Court Opinion

ID: 9890476
Source: CourtListenerOpinion
Date Created: 2023-10-13 05:08:14.660766+00
Date Added: 2024-06-11T13:26:18.489863
License: Public Domain

If this opinion indicates that it is “FOR PUBLICATION,” it is subject to
                  revision until final publication in the Michigan Appeals Reports.

                           STATE OF MICHIGAN

                            COURT OF APPEALS

CADLEROCK JOINT VENTURE, LP,                                          UNPUBLISHED
                                                                      October 12, 2023
               Plaintiff-Appellant,

v                                                                     No. 363078
                                                                      Wayne Circuit Court
ATINA M. BUTERAKOUS, also known as ATINA                              LC No. 21-002537-CK
M. BEUGRAND,

               Defendant-Appellee.

Before: O’BRIEN, P.J., and SWARTZLE and GARRETT, JJ.

PER CURIAM.

       Plaintiff, Cadlerock Joint Venture, LP, appeals as of right the trial court’s opinion and order
denying plaintiff’s motion for summary disposition under MCR 2.116(C)(10) and granting
summary disposition in favor of defendant, Atina M. Buterakous, under MCR 2.116(I)(2). We
reverse and remand for further proceedings.

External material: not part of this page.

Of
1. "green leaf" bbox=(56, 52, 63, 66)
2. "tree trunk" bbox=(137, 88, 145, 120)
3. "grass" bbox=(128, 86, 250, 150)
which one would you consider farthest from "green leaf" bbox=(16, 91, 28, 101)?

                                        I. BACKGROUND

        In April 2003, defendant and her then-husband signed a note (the Note) securing a $46,000
loan with an interest rate of 8.99% from Horizon National Bank (Horizon). The loan was secured
by a mortgage on the couple’s marital home. Under the terms of the Note, defendant and her then-
husband were required to make monthly payments beginning in May 2003. The Note also states
that “[i]f, on April 28, 2018, [the borrower] still owe[s] amounts under this note, [the borrower]
will pay all those amounts, in full, on that date.”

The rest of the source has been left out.